--- RECORDS SUPPLIED Enclosed Below ---

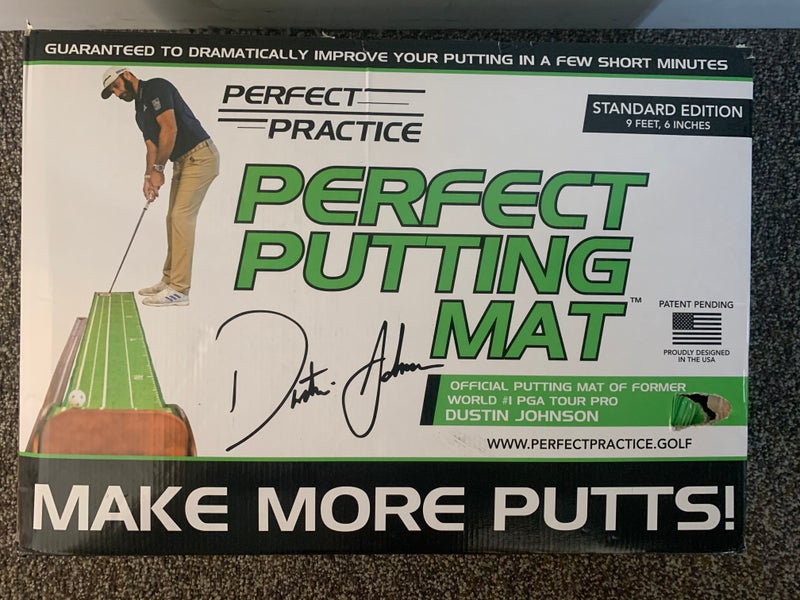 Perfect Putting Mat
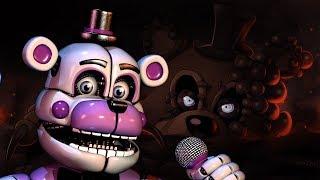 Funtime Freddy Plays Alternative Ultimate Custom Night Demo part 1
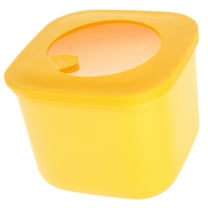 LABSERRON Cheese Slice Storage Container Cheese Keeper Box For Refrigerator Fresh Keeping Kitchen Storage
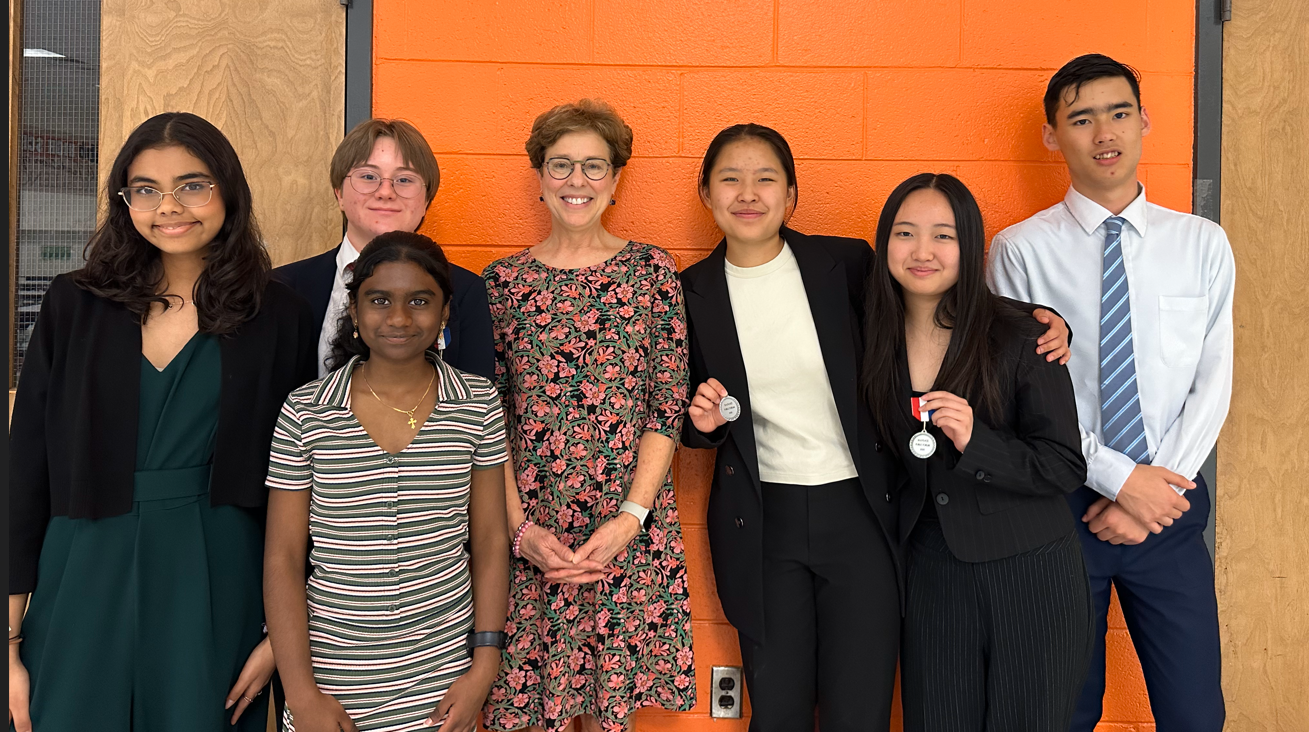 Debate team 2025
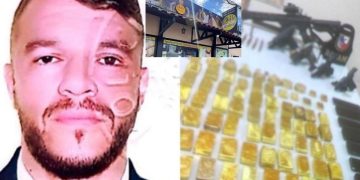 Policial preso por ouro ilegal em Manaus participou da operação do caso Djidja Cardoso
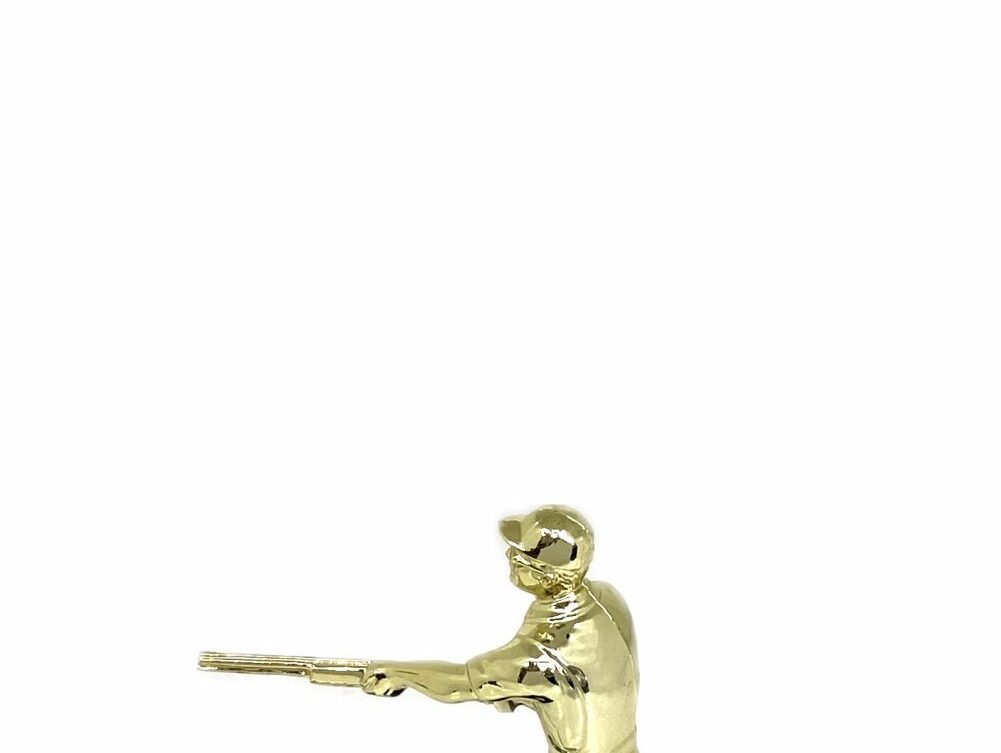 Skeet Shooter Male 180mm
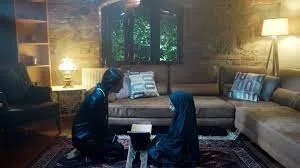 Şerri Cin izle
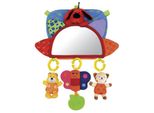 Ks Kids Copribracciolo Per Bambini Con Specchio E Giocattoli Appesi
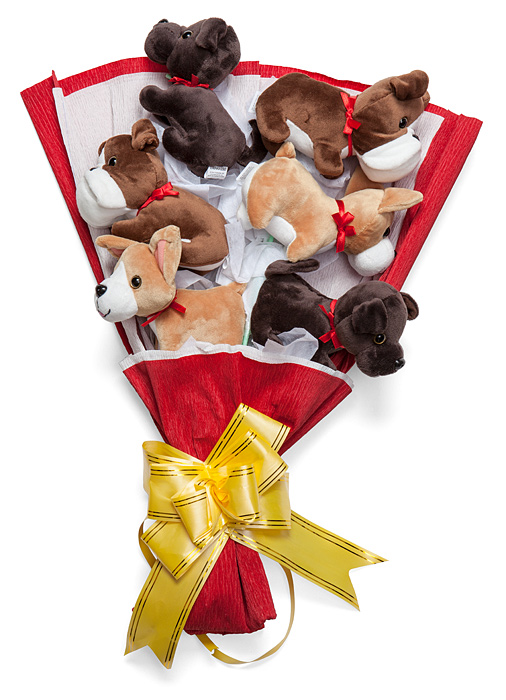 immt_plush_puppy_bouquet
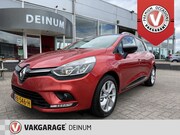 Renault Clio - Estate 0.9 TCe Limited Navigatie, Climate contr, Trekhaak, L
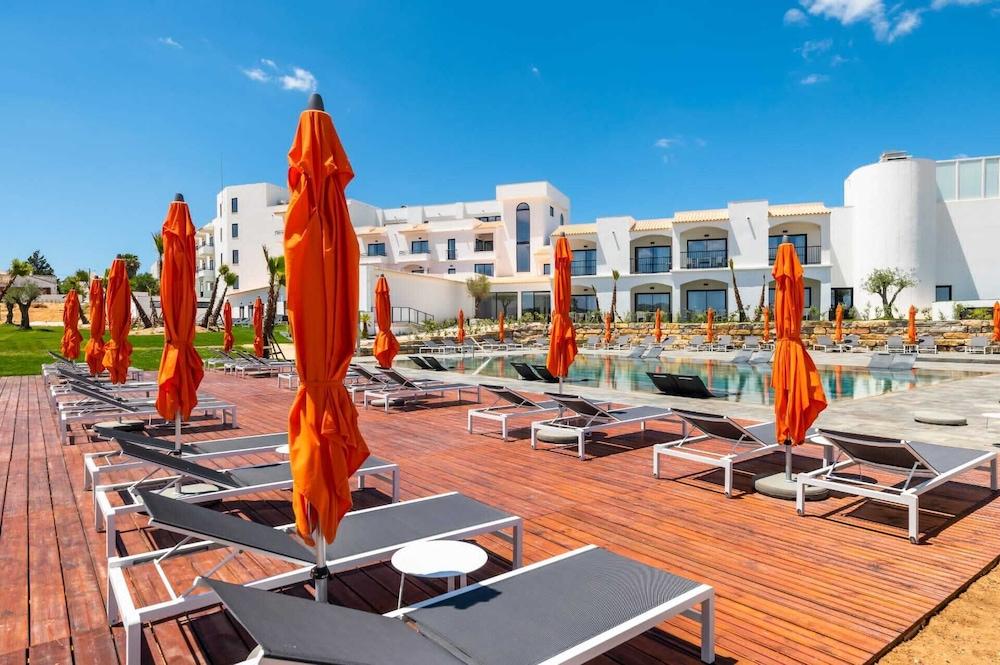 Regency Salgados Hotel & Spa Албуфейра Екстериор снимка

--- End of Enclosed RECORDS SUPPLIED ---

_TASK DETAILS_. Set down, word for word, the line that holds "Skeet Shooter Male 180mm" and all lines after it to the end of the entries above, but not the pictures.

_ANSWER AREA_.
 Skeet Shooter Male 180mm
 Şerri Cin izle
 Ks Kids Copribracciolo Per Bambini Con Specchio E Giocattoli Appesi
 immt_plush_puppy_bouquet
 Renault Clio - Estate 0.9 TCe Limited Navigatie, Climate contr, Trekhaak, L
 Regency Salgados Hotel & Spa Албуфейра Екстериор снимка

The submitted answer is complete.